Co-creation helps the contact or interaction between a consumer and an organization or
brand move away from transactional and become a creative experience. Creation of new value
gives the customers an opportunity to connect with the brand and the initiatives for the same
are on the rise more and more frequently. This paper attempts to understand how co-creation
helps in building strong brands and improve consumer loyalty with innovation in the service
industry.
2. LITERATURE REVIEW
(Prahalad &Ramaswamy , 2004) Found out that consumers want to interact with firms and
“co-create” value after being dissatisfied with available choices. Competitive advantage can
be gained by a company when a consumer can co-create unique experiences due to effective
interaction. This conceptual paper focuses on exploring the various aspects of co-creation.

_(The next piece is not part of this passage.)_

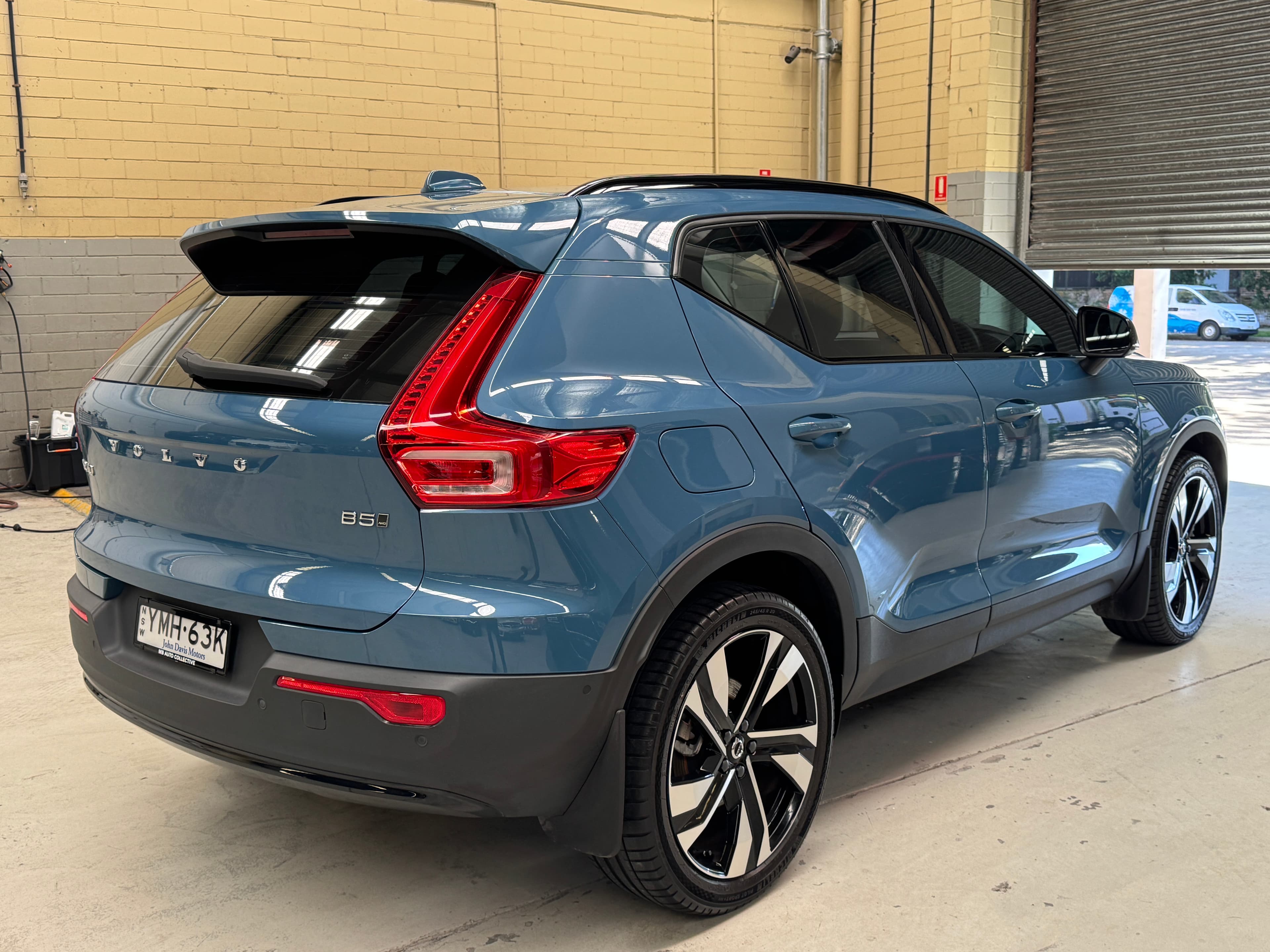 2022 VOLVO XC40 ULTIMATE B5 DARK MHEV 536 MY23 in BLUE — front seats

The organization orchestrates and focuses the overall experience of its consumer involvement
in the process of co-creation. To ease the process of co-creation, Dialogue (interaction
between both sides), Access, Risk-benefits and Transparency (DART) acts as building blocks
of consumer-organization interaction. Carrying out the process of co-creation by an
organization is a herculean task, as the concept is often misunderstood and hence it challenges
two concepts – exchange of product and service offerings and the coming together of the
consumers. Co-creation acts as both value creation and extraction, and the market is viewed
as an area of probable experience of co-creation in which an individual’s restrictions and
selections explain the will to pay for it. It is a two-way street, and the risk involved is to be
equally shared by the consumers as well and not just the organizationitself. According to
(Merz & Vargo, 2009) brand value is co-created through network relationships and social
communication among the conglomerate of all stakeholders.
(Hatch & Schultz, 2010) Demonstrated that co-creation is not just limited to the area of
innovation, but as well spreads out to marketing and more specifically to branding. It also
expands to co-create ideas with other stakeholders and not only just consumers. The paper
presents an integrative constitution of co-creation based on two factors - stakeholder/company
involvement (dialogue and access) and organizational self-disclosure (transparency and risk)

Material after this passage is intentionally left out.